Performance improvement using worker threads

The more difficult question was how to approach the speed problems. First I had to identify the nature of the issue. For this, I checked the SQL queries, I checked the Javascript framework and Mapnik binding implementation, as well as how the frontend was calling this API.

In the browser, I witnessed an alarming pattern of loading the tiles. We fired off dozens of requests at the same time, even for tiles currently outside of the user's view. Each individual tile took several seconds to retrieve, and because browsers only allow up to six open connections at a time, what ended up happening was that Chrome was loading the tiles in very noticeable batches of 6. Furthermore, rendering 50-60 tiles this way could easily take more than 10-15 seconds. This also suggested that the server might have been struggling with handling concurrent requests.

My idea was to implement worker thread pools, worker threads are Javascript's solution to handling concurrent, CPU-intensive and expensive operations, such as database queries, image rendering and more. This was not a trivial task because I wanted to keep using the existing framework if possible, and introduce only a smaller number of changes given that there was no existing test automation for this application.

I also suspected sub-optimal or perhaps missing caching, which if fixed/implemented, could further improve performance in the long run.

How I measured success

Auditing the dependencies could easily verify if the application was secure and up-to-date from a package management point of view. But I also had to be able to validate any performance improvement that was achieved.

I had to verify the existence of the performance issues, because I needed a baseline to measure any kind of improvement in the future. So I set up one of the endpoints in Postman that I knew was able to return a vector tile, and ran a standard performance test with 30 VUs for 3 minutes. The average response time was over 14.000 ms (part of the reason it was so high is because this was measured on my local machine that was connecting to a development database with real data overseas, which increased the latency significantly), and it could respond to just over 200 requests in this timeframe, with an average throughput of 1 request per second. At the same time, the error rate was above 10%. The throughput was erratic, and response times varied widely throughout the load testing.

Challenges

Implementing a worker pooling logic had some caveats, because I had to decide what to move into the worker thread and what to keep out of it, and also how and when to create new pools to ensure optimal performance. When using Mapnik binding in Javascript, the general advice is to not share the map resource between threads.

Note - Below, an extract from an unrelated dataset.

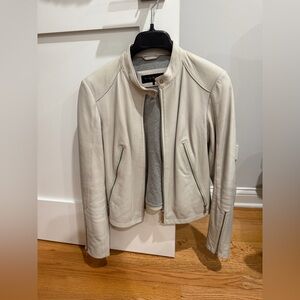 DONNA KARAN NEW YORK Lambskin Leather Biker Zip WOMEN'S JACKET US S Small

I could not get it right on the first try, or the second try, which was highly frustrating. I knew I had to think outside of the box to solve this, so I attempted to reduce the difficulty of the task by eliminating the framework first, and creating a mini-app with only Express, Mapnik bindings and worker pools, because a simple Express endpoint was much easier for me to understand than a foreign framework which had its own way of dealing with middlewares, dependency injection and much more (disclaimer: I am a PHP developer predominantly and I have limited production experience with the async hellscape of JS frameworks). After I got this POC working, I used my findings to be able to implement the same within the original framework, utilizing its middleware to manage the pooling logic.

After I got it to work, it was time to measure the performance again.

Results

The audit reported that every known security vulnerability was eliminated by updating the dependencies.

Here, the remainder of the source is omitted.